At the time – I was one of the friends urging her to continue on the embroidery path – I failed to under­stand her reluctance. Now I do.

Much like Lily, I had created a series of tiny and minutely detailed cameo gardens, hemmed in by the Shetland climate. An intimate sunk garden, all planted in pastel shades, tiny raised beds against the house walls; the largest bed I ever planted in those days had the dimensions of three king-sized duvets. Creating more and more shelter to keep out the elements and, taking my cue from Vita Sackville-West, I planted room after self-contained room, each surrounded by dykes or hedges. Alas, compared to her generous outdoor drawing rooms at Sissing­hurst Castle, mine were mere por­ches, closets or broom cupboards.

Unlike Lily, I still practice my art within the confines of a small, and rather climatically challenged island. My artistic liberation came with the garden’s extensions to the north and east of the existing plant­ings. For the first time ever there are no spatial limits: no tiny raised beds, but generous alpine landscapes, no small garden pond, but a lake I can swim in. I find myself yielding a large brush rather than a small embroid­ery needle, and have begun to understand Lily’s reluctance to return to a miniature form of artistic expression.

Each time I leave the shady con­fines of the old garden, and emerge in the breezy, sun-lit new part, I get a thrill. Still, planting a sizeable land­scape is a daunting prospect, and just now and again, I find my­self, especially on windy days – of which there are many – contemplat­ing cutting it all up into sheltered compartments as I used to do.

One of the works in progress in the garden extension is a long mixed, but primarily herbaceous border, inspired by the Long Border at Great Dixter in East Sussex.

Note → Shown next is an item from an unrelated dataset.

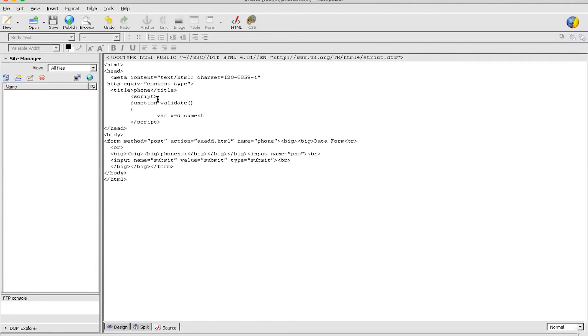Yes, sir. Okay, so for some part I will go fast without explaining anything, but for some parts I will explain. Let's get started.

It’s been a long time since I visited that wonder­ful garden, and planting a tribute to its late owner, a “clashery” after Christo’s taste, a man after my own heart who refused to obey the rules of the “colour wheel”, strikes me as very appropriate.

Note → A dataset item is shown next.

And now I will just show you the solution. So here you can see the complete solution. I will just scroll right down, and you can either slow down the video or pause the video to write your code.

Unfortunately, unless I follow suit and incorporate large areas of seasonal bedding, I won’t be able to pull this off. To me, elaborate bed­ding schemes are alien and encom­pass a style of gardening I couldn’t possibly warm to. Nor can I be bothered to rip out early plants in order to make space for dahlias and cannas to keep the show going into late autumn.

This planting will still be known as the Lloyd Border, but a compromise is called for. Taking a leaf out of Gertrude Jekyll’s book, I’m planting a lush summer border, incorporating a zingy clash of hot colours in its central section, with gentler colours leading up to it from both ends.

It starts at its northern margin with long mats of mauve and cream variegated ajugas, the cool, chalky pastels of compact geraniums, drifts of clove-scented pinks, and the fine-rayed composite blooms of Erigeron “Pink Jewel”. Small glaucous-lea­ved hostas and dwarf grasses add body.
All merge and blend beauti­fully, and are spiced up by the wide, warm, salmon-toned plates of Achil­lea “Flannel Petticoat”, and the plum-purple foliage of Sedum “Purple Emperor”.
Behind them all runs a long sweep of blush lavender Polemonium x jacobaea, followed by an equally generous sweep of the dark as dark can be Campanula “Sarastro”; its large buds and newly opened flowers are frequently mistaken for baby aubergines by garden visitors. Knautia macedonica “Mars Midget” completes this group with a swathe of vivid, unadulterated crimson.

Then things start to heat up with Lilium “Scarlet Pixie”, a sturdy two-footer with huge flowers in a rich orangey red, fronted by the in­comparable Primula viallii with red buds that explode into lavender stars. Next to them squats a large dome of Geranium “Patricia”, one of Allan Bremner’s creations, in vicious black-eyed magenta. Over it arch the horizontal ears of fiery red Crocosmia “Lucifer”, mingling with the slender purple spikes of Linaria purpurea.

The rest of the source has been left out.